Lines in the listing below containing the string "Chapter" are to be identified and copied.

==== Listed records

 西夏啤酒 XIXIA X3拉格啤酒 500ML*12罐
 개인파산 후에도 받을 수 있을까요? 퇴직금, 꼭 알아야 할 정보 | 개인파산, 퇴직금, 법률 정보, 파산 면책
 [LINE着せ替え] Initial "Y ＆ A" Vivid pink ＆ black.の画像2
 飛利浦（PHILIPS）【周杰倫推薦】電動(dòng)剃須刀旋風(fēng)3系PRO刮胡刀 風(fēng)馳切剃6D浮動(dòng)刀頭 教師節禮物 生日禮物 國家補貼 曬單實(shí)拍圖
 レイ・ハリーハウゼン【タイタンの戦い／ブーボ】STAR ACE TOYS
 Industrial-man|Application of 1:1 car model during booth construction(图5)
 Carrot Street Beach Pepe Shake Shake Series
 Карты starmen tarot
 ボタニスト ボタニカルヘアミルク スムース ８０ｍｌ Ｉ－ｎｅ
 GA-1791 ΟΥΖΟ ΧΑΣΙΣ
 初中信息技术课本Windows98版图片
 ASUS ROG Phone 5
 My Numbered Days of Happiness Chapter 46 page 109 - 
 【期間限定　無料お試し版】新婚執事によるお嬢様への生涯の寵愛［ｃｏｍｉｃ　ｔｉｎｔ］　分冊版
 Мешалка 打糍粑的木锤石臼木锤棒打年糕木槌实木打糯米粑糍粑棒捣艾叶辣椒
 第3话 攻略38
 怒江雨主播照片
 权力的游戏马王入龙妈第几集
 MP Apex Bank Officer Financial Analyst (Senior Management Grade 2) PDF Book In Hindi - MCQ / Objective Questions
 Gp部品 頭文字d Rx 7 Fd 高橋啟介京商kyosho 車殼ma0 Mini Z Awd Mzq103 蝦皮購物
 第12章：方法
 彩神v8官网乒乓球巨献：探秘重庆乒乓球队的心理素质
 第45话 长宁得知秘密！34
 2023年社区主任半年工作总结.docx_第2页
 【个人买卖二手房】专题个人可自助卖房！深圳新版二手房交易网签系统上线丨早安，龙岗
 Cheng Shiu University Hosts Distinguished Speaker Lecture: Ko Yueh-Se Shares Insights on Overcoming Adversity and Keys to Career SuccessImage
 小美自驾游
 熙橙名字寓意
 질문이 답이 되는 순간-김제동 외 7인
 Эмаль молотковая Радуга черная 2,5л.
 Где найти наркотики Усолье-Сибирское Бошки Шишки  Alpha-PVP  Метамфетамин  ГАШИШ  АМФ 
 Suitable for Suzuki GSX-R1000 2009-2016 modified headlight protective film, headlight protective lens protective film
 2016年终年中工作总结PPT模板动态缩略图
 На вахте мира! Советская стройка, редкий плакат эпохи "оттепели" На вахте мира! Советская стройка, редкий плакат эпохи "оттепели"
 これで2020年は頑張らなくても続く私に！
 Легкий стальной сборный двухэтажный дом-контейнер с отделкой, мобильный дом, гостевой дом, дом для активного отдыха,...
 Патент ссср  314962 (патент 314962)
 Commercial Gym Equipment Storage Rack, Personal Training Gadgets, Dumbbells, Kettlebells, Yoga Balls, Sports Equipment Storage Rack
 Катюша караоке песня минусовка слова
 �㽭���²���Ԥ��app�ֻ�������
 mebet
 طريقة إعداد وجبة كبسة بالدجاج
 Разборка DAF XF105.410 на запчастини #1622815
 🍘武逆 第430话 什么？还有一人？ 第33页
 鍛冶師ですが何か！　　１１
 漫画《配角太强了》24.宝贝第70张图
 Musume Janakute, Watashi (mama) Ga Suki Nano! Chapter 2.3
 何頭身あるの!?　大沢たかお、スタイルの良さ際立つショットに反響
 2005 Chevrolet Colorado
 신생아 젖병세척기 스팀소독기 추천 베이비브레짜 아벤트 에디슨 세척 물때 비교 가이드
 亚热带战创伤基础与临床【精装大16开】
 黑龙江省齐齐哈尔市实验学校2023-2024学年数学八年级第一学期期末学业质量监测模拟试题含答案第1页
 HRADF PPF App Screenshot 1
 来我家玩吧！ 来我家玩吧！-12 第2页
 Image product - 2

========

Your solution:
 My Numbered Days of Happiness Chapter 46 page 109 - 
 Musume Janakute, Watashi (mama) Ga Suki Nano! Chapter 2.3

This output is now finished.